Ardından kıkırdayıp pastayı kucağından aldı ve tam önünde tuttu. Üflemek için dudakları öne uzanmıştı ki buna engel oldum.
"Dilek tutmadın." dedim aceleyle. Madem kutlayacaktı o hâlde her şey olması gerektiği gibi olmalıydı.
Gülümseyip haklı olduğumu söylediğinde istemsiz ben de gülümsedim. Gözlerini kapatıp bir süre sessiz kaldıktan sonra muma üflemiş daha sonra açmıştı. Bu sessizliğin doğum gününe uygun olmadığını bildiğim için dudaklarımı araladım.
"Nice mutlu yaşlara."
"Çok teşekkür ederim." diyip içtenlikle bakınca kendimi buz kütlesi olarak göstermek istemediğimden tanışmaya karar verdim.

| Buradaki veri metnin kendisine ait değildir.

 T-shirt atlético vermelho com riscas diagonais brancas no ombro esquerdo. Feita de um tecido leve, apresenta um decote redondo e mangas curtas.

"Bu arada isminizi öğrenmemde sakınca var mı?"
Şaşkınca bakıp ağzı 'o' şeklini aldığında neden ilk kez biriyle tanışıyormuşçasına tepki verdiğini düşündüm.
"Jeon Jungkook, sizinkini öğrenebilir miyim?"
Başımı sallayıp "Min Yoongi" dedim.
"Resmiyeti kaldıralım mı?" Doğum gününü beraber kutladığım birine karşı saygı ekleriyle konuşmak garip gelmişti. Ama en çok da yorduğundan sundum bu teklifi, ben üşengeç bir adamdım.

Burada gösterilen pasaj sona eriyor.